Michaux: Winston deserves to win the Heisman based on his on-field performance

Once again, something other than football enters the Heisman Trophy debate.

On the surface, there is a clear-cut favorite when ballots for college football’s best player are due Monday. There is not one viable football-related reason not to vote for Florida State quarterback Jameis Winston – who has been about as perfect as a freshman can be since Day 1 of the 2013 season.

Of course, there is that year-old rape allegation that clouds the picture.

On Thursday, Florida’s state attorney Willie Meggs announced – during an uncomfortably upbeat press conference – that no charges would be filed against Winston stemming from an accusation made on Dec. 7, 2012, by another FSU student that he raped her after she had been drinking with friends at a local bar in Tallahassee, Fla. Meggs said that conflicting evidence and testimony from the accused would give the prosecution no “reasonable likelihood of conviction.” He said the investigation didn’t even reveal probable cause to arrest Winston, much less charge him with felony rape.

“The case is closed,” Meggs concluded.

This decision – conveniently issued two days before the top-ranked and undefeated Seminoles play Duke in the Atlantic Coast Conference championship game and four days before the Heisman ballots are due – elicited some very inappropriate elation in and around the Tallahassee courthouse in which it was delivered.

Six jean-short wearing fans ran around shirtless with “J-A-M-E-I-S” painted on their chests doing the tomahawk chop.
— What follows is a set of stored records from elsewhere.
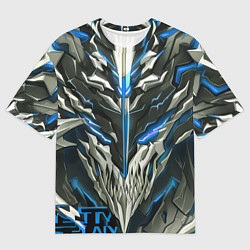 Футболка оверсайз женская Синий неоновый кибер демон, цвет: 3D-принт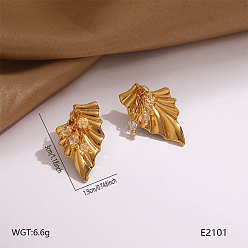 Clear 304 Stainless Steel Glass Stud Earrings, Leaf, Golden, Clear, 30x19mm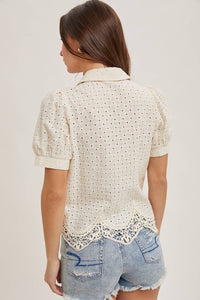 Eloise Eyelet Lace Bubble Sleeve Blouse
Winston’s overly exuberant defense attorney tossed out the word “exonerated” even though investigators never said any such thing. The FSU quarterback was about as “exonerated” as Steelers’ quarterback Ben Roethlisberger was after a rape accusation in Milledgeville, Ga., ended up going nowhere.

Winston may never regain the public adulation (outside the Florida panhandle) that was growing up until a month ago before the oddly dormant rape allegation first surfaced. That he never agreed to even speak with investigators does nothing to enhance his lawyer’s insistence that “he did nothing wrong.”
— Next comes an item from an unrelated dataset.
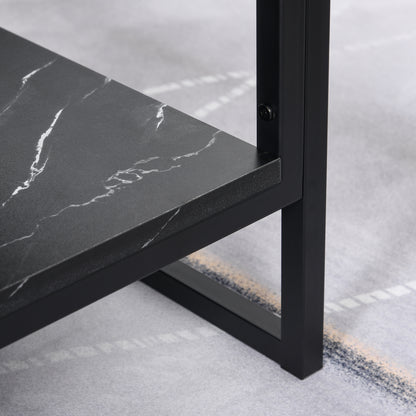 Minaba Metal And Wood Black 2 Tier Marble Effect Coffee Table With Bottom Shelf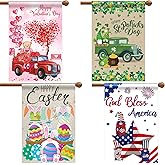 Moukeren 4 Pack Large Seasonal Garden Flags, Double Sided 28 x 40 Inch, Seasonal Lawn Yard Decorations, Christmas Halloween Fall Winter Flags for Outdoor Decoration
But without any felony charges in the way, Winston is free to resume his life without hindrance. Whatever opinions this incident may have planted about his character have nothing to do with what he has and can accomplish on the football field.

The Heisman Trophy is a football award given to “the outstanding college football player whose performance best exhibits the pursuit of excellence with integrity.” There are people who cling to that “integrity” reference as some kind of morals clause, but there has been nothing verifiable demonstrated by Winston’s actions to preclude him winning the award.

And there is no doubt that Winston will win it – short of a complete meltdown failure against a Duke team that would be overmatched in every way by the Seminoles. When ballots are cast on Monday, Winston will be a landslide winner.

Winston has passed for 3,490 yards and 35 touchdowns on the fewest number of passing attempts (317) of anyone in the top 20 on the NCAA yardage charts. He leads the nation in passing efficiency (192.6), completing 68.8 percent of his attempts with only eight interceptions.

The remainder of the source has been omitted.